AllgemeinUnsere Werte

Die NAJU bei der Weltklimakonferenz

UN-Klimakonferenz

Vom 06.11 bis zum 17.11.2017 fand in Bonn die 23. UN-Klimakonferenz (kurz COP 23) statt. Ich habe am 16.11.2017 als Vertreter der NAJU Hessen einen Tag auf der Konferenz verbracht und unter anderem an einer Diskussion mit der hessischen Umweltministerin Fr. Hinz zu Jugendarbeit im Bereich des Klima- und Umweltschutzes teilgenommen.

An diesem Tag fand auf der Weltklimakonferenz außerdem, passend zu unserer Arbeit bei der NAJU Hessen, der Tag der Umweltbildung mit vielen Vorträgen und Diskussionen statt. So war es hierbei und auch allgemein auf der ganzen Konferenz sehr interessant die vielen unterschiedlichen im Umweltschutz und der Umweltbildung aktiven Menschen aus allen Ecken und Enden der Erde kennen zu lernen und Erzählungen und Berichten ihrer Arbeit zu lauschen.
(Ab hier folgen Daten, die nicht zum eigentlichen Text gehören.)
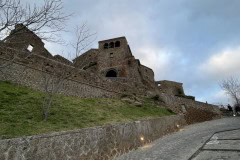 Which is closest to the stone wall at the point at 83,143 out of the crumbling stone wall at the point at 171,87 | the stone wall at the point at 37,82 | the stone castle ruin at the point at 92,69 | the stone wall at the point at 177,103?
the stone castle ruin at the point at 92,69

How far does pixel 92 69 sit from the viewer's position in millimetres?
33406

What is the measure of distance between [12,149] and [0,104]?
455 cm

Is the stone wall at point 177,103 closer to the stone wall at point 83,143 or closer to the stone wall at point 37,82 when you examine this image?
the stone wall at point 37,82

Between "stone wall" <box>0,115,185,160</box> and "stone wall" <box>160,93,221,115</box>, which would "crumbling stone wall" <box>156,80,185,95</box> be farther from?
"stone wall" <box>0,115,185,160</box>

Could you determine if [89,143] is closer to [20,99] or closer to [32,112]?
[32,112]

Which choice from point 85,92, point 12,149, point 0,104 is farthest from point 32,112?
point 85,92

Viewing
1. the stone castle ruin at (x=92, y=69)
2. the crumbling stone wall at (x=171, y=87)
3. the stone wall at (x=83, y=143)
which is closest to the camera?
the stone wall at (x=83, y=143)

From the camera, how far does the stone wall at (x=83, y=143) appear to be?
13.9ft

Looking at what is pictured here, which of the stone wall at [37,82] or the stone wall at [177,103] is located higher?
the stone wall at [37,82]

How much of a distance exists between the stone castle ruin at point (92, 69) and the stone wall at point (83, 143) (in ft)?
9.81

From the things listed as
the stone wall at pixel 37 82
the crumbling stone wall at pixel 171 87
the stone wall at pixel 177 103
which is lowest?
the stone wall at pixel 177 103

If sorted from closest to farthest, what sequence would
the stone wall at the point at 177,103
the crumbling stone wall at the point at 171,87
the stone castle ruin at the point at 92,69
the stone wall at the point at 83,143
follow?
the stone wall at the point at 83,143 < the stone castle ruin at the point at 92,69 < the stone wall at the point at 177,103 < the crumbling stone wall at the point at 171,87

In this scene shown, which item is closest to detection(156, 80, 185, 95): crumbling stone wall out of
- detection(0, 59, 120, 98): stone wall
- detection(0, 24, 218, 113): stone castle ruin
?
detection(0, 24, 218, 113): stone castle ruin

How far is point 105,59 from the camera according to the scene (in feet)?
106
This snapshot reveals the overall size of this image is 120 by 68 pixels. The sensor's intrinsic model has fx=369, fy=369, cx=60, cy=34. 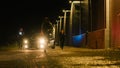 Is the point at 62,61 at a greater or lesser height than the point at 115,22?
lesser

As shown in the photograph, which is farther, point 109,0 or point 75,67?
point 109,0

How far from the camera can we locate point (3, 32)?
6675 centimetres

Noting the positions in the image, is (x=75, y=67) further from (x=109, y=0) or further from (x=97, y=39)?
(x=97, y=39)

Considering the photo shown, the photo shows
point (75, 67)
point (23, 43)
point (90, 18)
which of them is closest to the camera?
point (75, 67)

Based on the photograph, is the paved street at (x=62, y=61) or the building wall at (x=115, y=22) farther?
the building wall at (x=115, y=22)

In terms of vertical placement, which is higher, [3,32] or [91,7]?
[91,7]

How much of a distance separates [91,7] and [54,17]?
81.0 m

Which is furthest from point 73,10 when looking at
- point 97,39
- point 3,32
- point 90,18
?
point 97,39

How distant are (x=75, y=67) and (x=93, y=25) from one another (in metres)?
28.9

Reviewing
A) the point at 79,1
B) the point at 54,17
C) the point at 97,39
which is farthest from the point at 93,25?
the point at 54,17

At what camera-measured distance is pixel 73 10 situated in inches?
2704

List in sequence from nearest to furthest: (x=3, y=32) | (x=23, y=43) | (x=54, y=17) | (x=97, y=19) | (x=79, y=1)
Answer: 1. (x=97, y=19)
2. (x=23, y=43)
3. (x=79, y=1)
4. (x=3, y=32)
5. (x=54, y=17)

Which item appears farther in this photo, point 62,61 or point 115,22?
point 115,22

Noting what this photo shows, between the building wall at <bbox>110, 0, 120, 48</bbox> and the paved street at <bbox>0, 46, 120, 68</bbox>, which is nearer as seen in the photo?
the paved street at <bbox>0, 46, 120, 68</bbox> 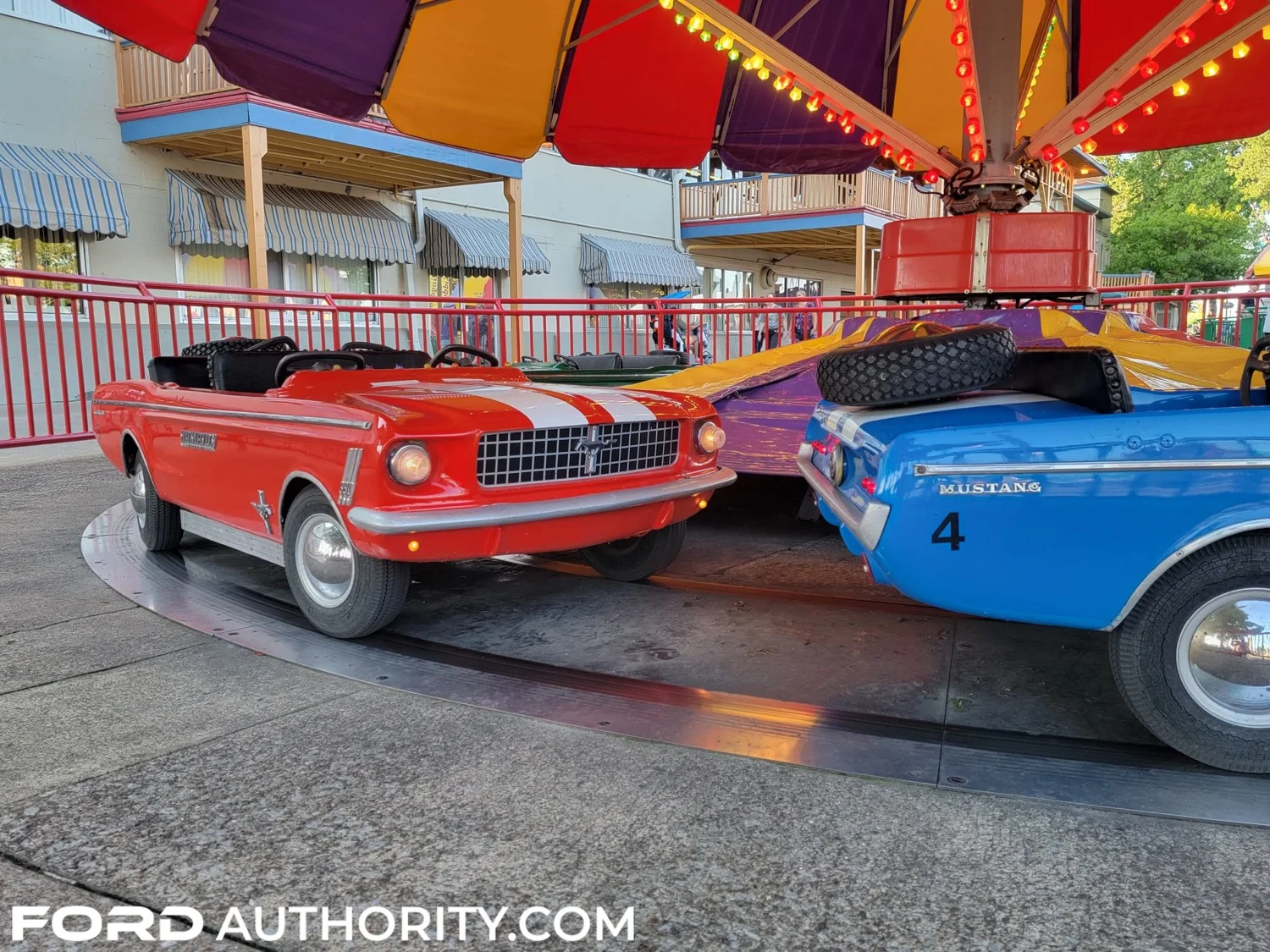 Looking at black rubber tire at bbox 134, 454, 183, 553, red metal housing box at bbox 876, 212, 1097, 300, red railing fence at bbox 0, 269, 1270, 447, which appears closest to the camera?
black rubber tire at bbox 134, 454, 183, 553

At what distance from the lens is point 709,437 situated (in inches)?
165

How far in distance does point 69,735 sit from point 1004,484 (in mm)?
2683

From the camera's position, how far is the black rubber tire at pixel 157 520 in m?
4.78

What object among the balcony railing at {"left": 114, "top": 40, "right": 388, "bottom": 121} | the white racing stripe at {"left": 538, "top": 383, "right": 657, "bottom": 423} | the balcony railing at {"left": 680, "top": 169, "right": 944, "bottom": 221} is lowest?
the white racing stripe at {"left": 538, "top": 383, "right": 657, "bottom": 423}

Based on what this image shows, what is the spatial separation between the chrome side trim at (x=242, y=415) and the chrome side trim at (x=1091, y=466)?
74.8 inches

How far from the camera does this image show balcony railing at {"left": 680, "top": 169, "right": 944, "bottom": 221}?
21.4 m

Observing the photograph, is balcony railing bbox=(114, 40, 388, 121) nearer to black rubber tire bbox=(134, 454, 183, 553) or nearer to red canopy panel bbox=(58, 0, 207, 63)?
red canopy panel bbox=(58, 0, 207, 63)

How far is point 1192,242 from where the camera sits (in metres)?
41.9

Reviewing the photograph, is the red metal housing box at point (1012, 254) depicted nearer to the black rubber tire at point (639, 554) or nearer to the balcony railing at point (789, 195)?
the black rubber tire at point (639, 554)

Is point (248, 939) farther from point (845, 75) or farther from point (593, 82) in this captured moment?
point (845, 75)

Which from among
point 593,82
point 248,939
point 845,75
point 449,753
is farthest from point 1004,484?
point 845,75

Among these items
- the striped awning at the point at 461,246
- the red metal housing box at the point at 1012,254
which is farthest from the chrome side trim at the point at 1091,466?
the striped awning at the point at 461,246

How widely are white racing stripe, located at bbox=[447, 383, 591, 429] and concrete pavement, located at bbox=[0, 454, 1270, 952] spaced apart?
43.8 inches

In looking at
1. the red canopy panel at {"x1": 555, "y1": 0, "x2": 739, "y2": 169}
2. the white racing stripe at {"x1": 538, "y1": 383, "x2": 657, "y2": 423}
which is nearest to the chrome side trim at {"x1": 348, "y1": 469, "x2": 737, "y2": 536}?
the white racing stripe at {"x1": 538, "y1": 383, "x2": 657, "y2": 423} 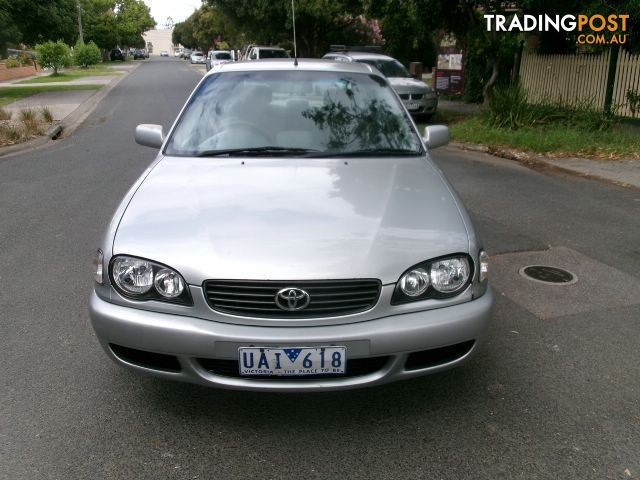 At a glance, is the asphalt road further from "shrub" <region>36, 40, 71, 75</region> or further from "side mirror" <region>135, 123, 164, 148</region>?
"shrub" <region>36, 40, 71, 75</region>

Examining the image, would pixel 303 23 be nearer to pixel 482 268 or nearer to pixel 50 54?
pixel 50 54

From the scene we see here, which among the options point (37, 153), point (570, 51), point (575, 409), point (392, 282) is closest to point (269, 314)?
point (392, 282)

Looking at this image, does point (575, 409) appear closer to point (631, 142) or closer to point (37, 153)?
point (631, 142)

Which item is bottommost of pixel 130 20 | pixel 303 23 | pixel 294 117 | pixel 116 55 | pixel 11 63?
pixel 294 117

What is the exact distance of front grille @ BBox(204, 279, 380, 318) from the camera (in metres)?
2.53

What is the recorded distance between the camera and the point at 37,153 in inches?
423

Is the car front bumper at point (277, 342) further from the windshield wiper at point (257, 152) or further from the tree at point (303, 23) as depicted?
the tree at point (303, 23)

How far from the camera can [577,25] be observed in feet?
39.5

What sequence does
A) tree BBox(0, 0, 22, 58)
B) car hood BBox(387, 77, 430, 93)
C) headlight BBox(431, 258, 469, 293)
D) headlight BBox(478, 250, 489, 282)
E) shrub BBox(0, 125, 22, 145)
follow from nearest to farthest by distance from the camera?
headlight BBox(431, 258, 469, 293) → headlight BBox(478, 250, 489, 282) → shrub BBox(0, 125, 22, 145) → car hood BBox(387, 77, 430, 93) → tree BBox(0, 0, 22, 58)

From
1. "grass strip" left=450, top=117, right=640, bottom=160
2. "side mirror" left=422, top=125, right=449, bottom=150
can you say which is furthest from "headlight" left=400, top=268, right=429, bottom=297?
"grass strip" left=450, top=117, right=640, bottom=160

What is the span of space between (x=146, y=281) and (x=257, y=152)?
53.2 inches

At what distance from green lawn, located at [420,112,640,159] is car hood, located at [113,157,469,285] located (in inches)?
304

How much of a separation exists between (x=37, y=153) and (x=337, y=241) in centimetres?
980

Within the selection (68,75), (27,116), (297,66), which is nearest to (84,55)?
(68,75)
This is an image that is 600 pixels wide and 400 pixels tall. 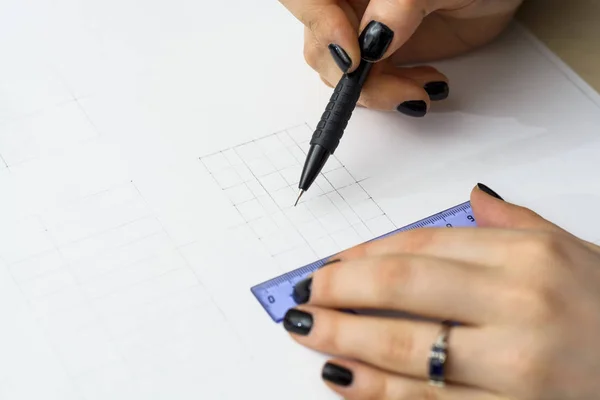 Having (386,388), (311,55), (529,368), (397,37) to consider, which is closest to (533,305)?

Besonders fasziniert hat mich ein Grundschullehrer aus Marokko, der mit seinen SchülerInnen in einer Art Freiluft-Klassenzimmer die lokale Umwelt erkundet.

An der Diskussion mit den Umweltministerinnen von Hessen und Rheinland-Pfalz im deutschen Pavillon haben neben mir noch einige weitere Jugendliche und junge Erwachsene teilgenommen, die sich in Hessen und Rheinland-Pfalz mit Umwelt- und Klimaschutzthemen beschäftigen. Die Teilnehmer*innen der Diskussion kamen aus ganz unterschiedlichen Bereich, zum Beispiel von einer Crowdfunding-Plattform für energieeffizientes Investment, aus der Landesschülervertretung oder dem Nachhaltigkeitsmanagement der Stadt Wiesbaden.

Während der Diskussion habe ich unter anderem von unserem Jahresthema Boden und den Aktionen rund ums Highlife berichtet. Und klargemacht, dass der Boden noch viel stärker als Ressource, die für alle zugänglich ist, geschützt und als schützenswertes Gut dargestellt werden muss. Weiterhin haben wir über die Rolle der Jugend im Klimaschutz gesprochen und die Notwendigkeit für mehr Umweltbildung innerhalb der Schulen und außerschulisch zu sorgen.